Equally if not more important, however, is the fact that the cost of manipulating such records has also become extremely low. Many tens of millions of people possess software, such as “word processing” programs, which permit the seamless manipulation of informational records. It is simple to alter a record while keeping an appearance of authenticity. Given such trends, it is time to ask how we test for or even recognize the existence of an authentic informational record that exists in digital format.
Our Analog Rules of Evidence
As background, it is important to remember that the Federal Rules of Evidence were enacted in 1975. At that time, informational records were made with analog technology, and were likely to be “faithful” as a result. For example, traditional photography left a record imprint on a delicate emulsion of film. Sound recordings were stored as imprints on magnetic tape. Papers were written or signed by hand, and mechanical devices like typewriters were used for other communications. Even duplication technologies -- such as carbon paper and copier machines-- utilized analog technology. Traditionally, the storage of informational records did not facilitate seamless editing; much less allow editing by tools specifically designed for such a purpose.
Because of the relative immutability of the storage media, analog informational records have long been perceived as relatively dependable. Analog technology makes alteration expensive, a process requiring both skill and intent. If alteration happens, it is usually detectable.
As a result of these facts juries became accustomed to assuming that informational records, such as a photograph, are the “real thing.” If a witness departs from the information represented in a photograph, she was assumed to be unreliable, or worse, intentionally deceptive.

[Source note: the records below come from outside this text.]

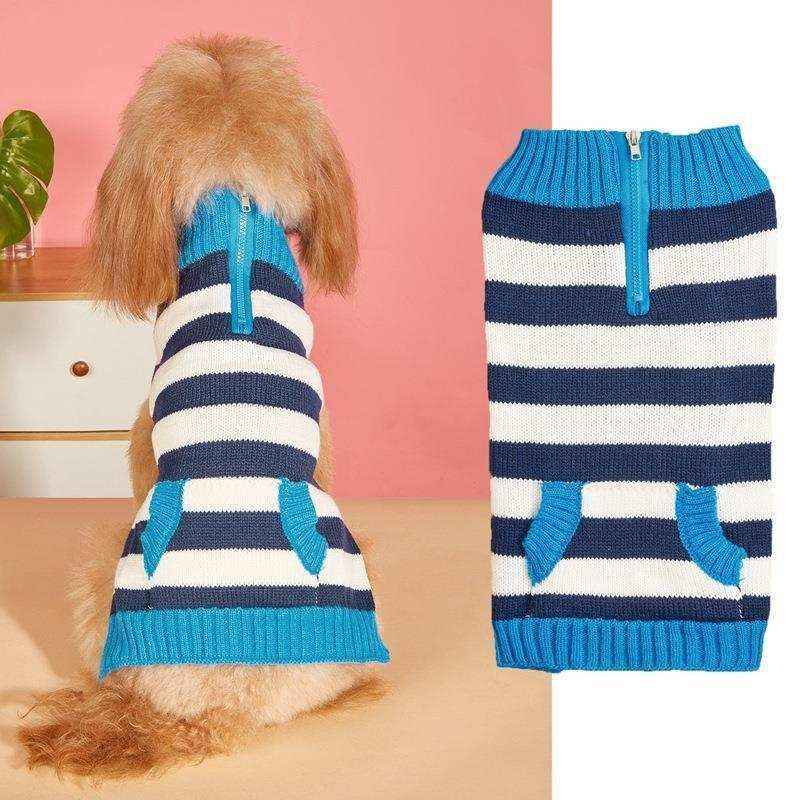 Small dog wearing blue and white striped knitted sweater with zipper and pockets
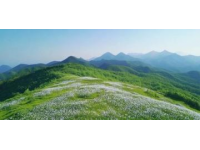稷山縣旅游指南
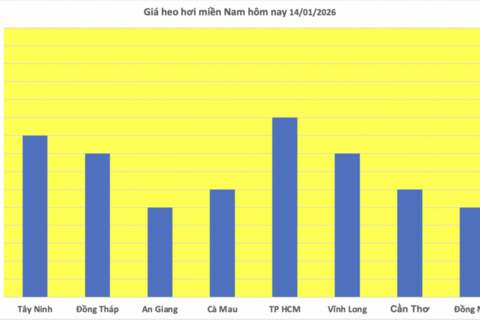 Giá heo hơi hôm nay 14/1/2026: Miền Bắc lập đỉnh mới 76.000 đồng/kg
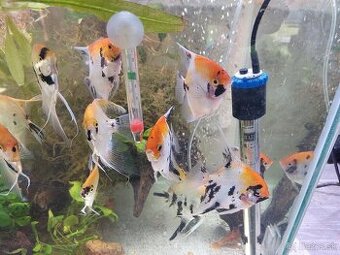 Predam kompletne prislušenstvo ryby a rastliny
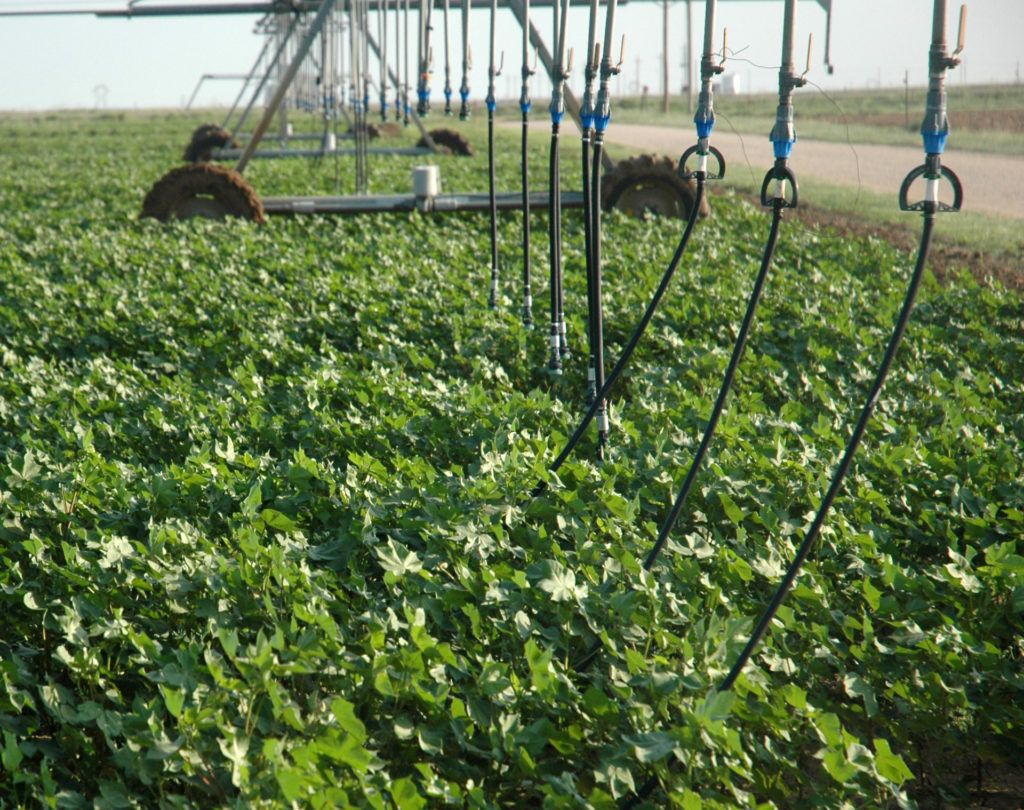 Irrigation lines over cotton crops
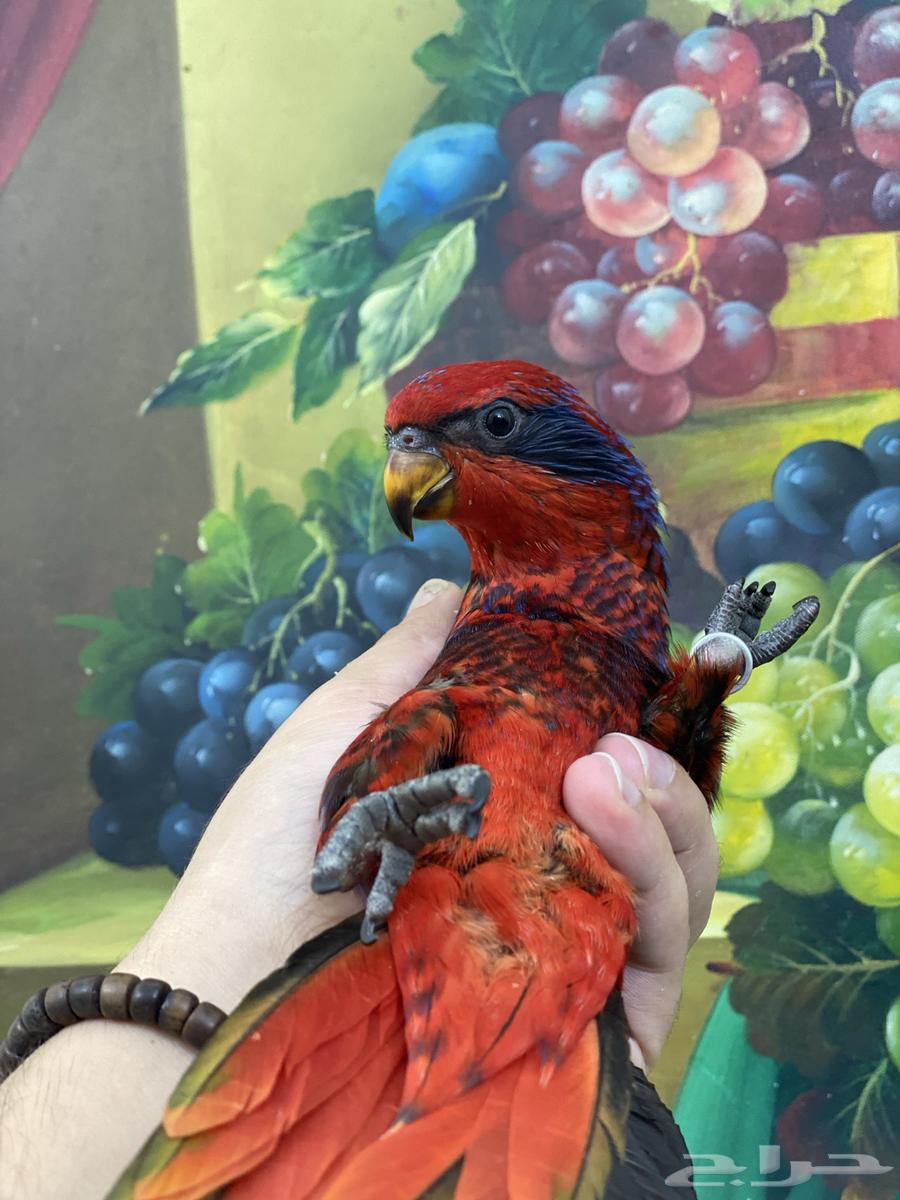 تم البيع فرخ لوري64563563817730113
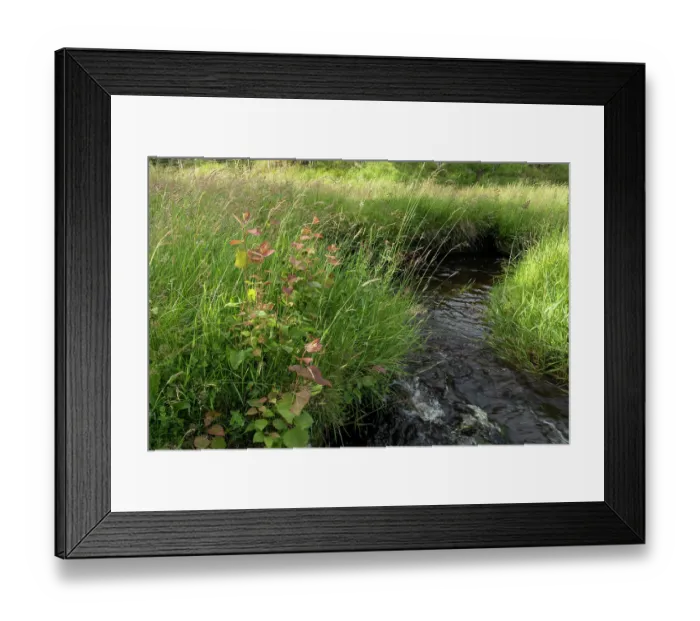 Framed Print : Aspen saplings (Populus tremula) growing next to stream, Perthshire, Scotland, UK. June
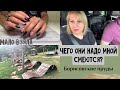 VLOG ❤ Мало денег взяла. Потащили Макса на пруд. Борисовские пруды.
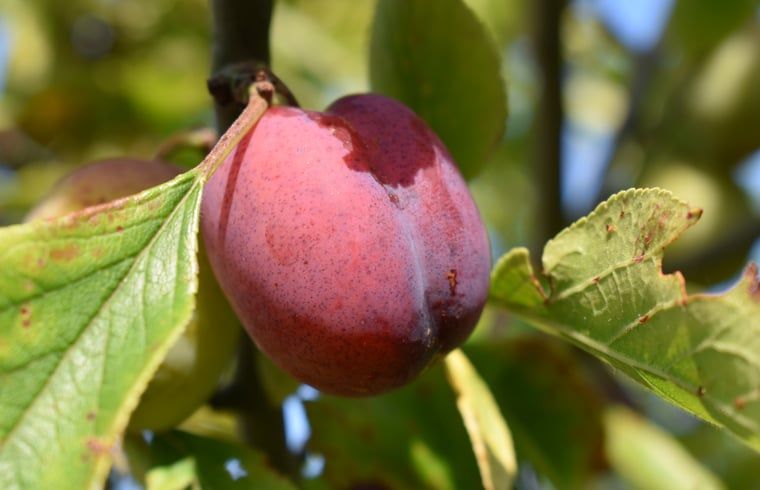 Rijpe pruim aan boom in de tuin van Huisje in Oosterend, Terschelling.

The analog photographic record, although not guaranteed to be accurate, was enormously convincing.
Authenticity Requirements for Photographs, Recordings and Writings
Because of the assumptions relating to analog informational records, under the current rules only a few quick and sketchy foundational questions are required to allow writings, photographs and tape recordings to come into evidence as “authentic” -- as being what they “purport to be.” It is up to the cross-examiner, usually without extrinsic evidence concerning the record, to test or attack the authenticity of such evidence.
The foundation required for authentication of a photograph is a good example of our traditional reliance on the technological underpinnings of analog information records. The requirement to admit a photograph into evidence is a mere conclusion by a witness that it “accurately represents the scene depicted.” The photographer is not called to the stand. Nor is anyone who handled the image. Nor is there evidence required of the first image in the chain -- the one created by the information existing at the time of the historical event.1 All that is necessary is for someone – not necessarily someone present when the photograph was taken – to declare that a photograph is accurate.2 Most often this happens years after the event.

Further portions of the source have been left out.